First we create a box signal and the Haar matrix corresponding to the Haar basis for the right dimension. Note that the code to generate a sinusoid is also given, you can try it yourself.

In [None]:
# Define a signal to be compressed
fs = 64 # Sampling frequency
t = np.arange(0, 1, 1/fs) # Time vector
# x = np.sin(2*np.pi*5*t) # Sine wave with frequency 5 Hz

# Box signal
box_start = 2/5
box_end = 3/5
x = np.zeros_like(t)
x[(t >= box_start) & (t <= box_end)] = 1

# Compute the Haar matrix of order N
N = len(x)
H = haarmatrix(N)

# Check if the matrix is orthogonal
check_orthogonality(H, N)

plt.figure(figsize=(10, 6))
plt.subplot(2, 1, 1)
plt.plot(t, x)
plt.title('Original signal')
plt.xlabel('Time (s)')
plt.ylabel('Amplitude')
plt.subplot(2, 1, 2)
plt.plot(t, H[1])
plt.title('One base vector of the Haar basis')
plt.xlabel('Time (s)')
plt.ylabel('Amplitude')
plt.tight_layout()
plt.show()

We can see that the signal is the box function. You can play with the second plot ` plt.plot(t, H[i])` where `i` is the basis vector

Next we actually change the basis. 

**Task 6**: Compute the Haar coefficients of the signal, or in other words the representation of your signal in the Haar basis.

*Hint*: Recall what you saw in section 2.2 and what is in essence the Haar matrix,

In [None]:
c = ... #Your code

As explained earlier, one key feature of Haar basis is that it encodes information in a *hierarchical* way. So it would be natural to use it either for compression or for transmitting a signal with a high error probability. We first consider compression. The way to do so is by sorting coefficients in decreasing order of magnitude, and keeping only these coefficients as our signal. Putting everything else to 0 gives the last plot below. We can see that almost all information is encoded in the first half of the signal.

In [None]:
# Sort the Haar coefficients in decreasing order of magnitude and keep only the top k coefficients
k = int(N/2)

idx = np.argsort(np.abs(c))[::-1][:k]
c_compress = np.zeros_like(c)
c_compress[idx] = c[idx]

In [None]:
# Plot the original signal and the compressed signal
plt.figure(figsize=(10, 8))
plt.subplot(3, 1, 1)
plt.plot(t, x)
plt.title('Original signal')
plt.xlabel('Time (s)')
plt.ylabel('Amplitude')
plt.subplot(3, 1, 2)
plt.plot(t, c)
plt.title('Signal in Haar Basis')
plt.xlabel('Time (s)')
plt.ylabel('Amplitude')
plt.subplot(3, 1, 3)
plt.plot(t, c_compress)
plt.title('Compressed signal in Haar Basis')
plt.xlabel('Time (s)')
plt.ylabel('Amplitude')
plt.tight_layout()
plt.show()

Now imagine that we want to decompress the signal. We take the compressed signal and apply the formula $\hat s = H^{T}\hat c $. This gives the "decompressed" signal $\hat s$ which is almost correctly reconstructed.

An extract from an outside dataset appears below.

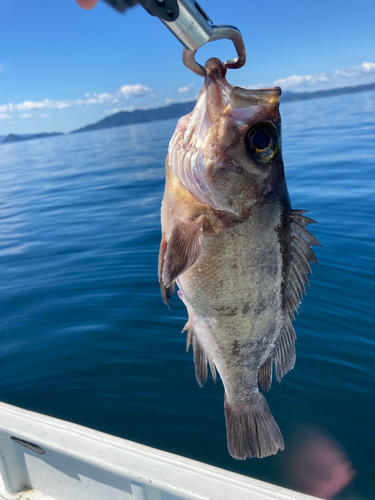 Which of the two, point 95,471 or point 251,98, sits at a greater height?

**Task 7**: Compute the inverse Haar transform of the top k coefficients to obtain the decompressed signal.

In [None]:
# Reconstruct the original signal from the compressed signal and the Haar basis
c_reconstruct = np.zeros_like(c)
c_reconstruct[idx] = c_compress[idx]

x_decompressed = ... #Your code

# Plot the original signal, the compressed signal, and the reconstructed signal
plt.figure(figsize=(10, 6))
plt.subplot(3, 1, 1)
plt.plot(t, x)
plt.title('Original signal')
plt.xlabel('Time (s)')
plt.ylabel('Amplitude')
plt.subplot(3, 1, 2)
plt.plot(t, c_compress)
plt.title('Compressed signal in Haar Basis')
plt.xlabel('Time (s)')
plt.ylabel('Amplitude')
plt.subplot(3, 1, 3)
plt.plot(t, x_decompressed)
plt.title('Reconstructed signal')
plt.xlabel('Time (s)')
plt.ylabel('Amplitude')
plt.tight_layout()
plt.show()

You can play witht the value of `k` to see at which point compression factor starts to affect decompression! 

Try to redo these examples by uncommenting the sinusoid function (and commenting the box function). This gives a nice graphical intuition on how hierarchical the information is encoded!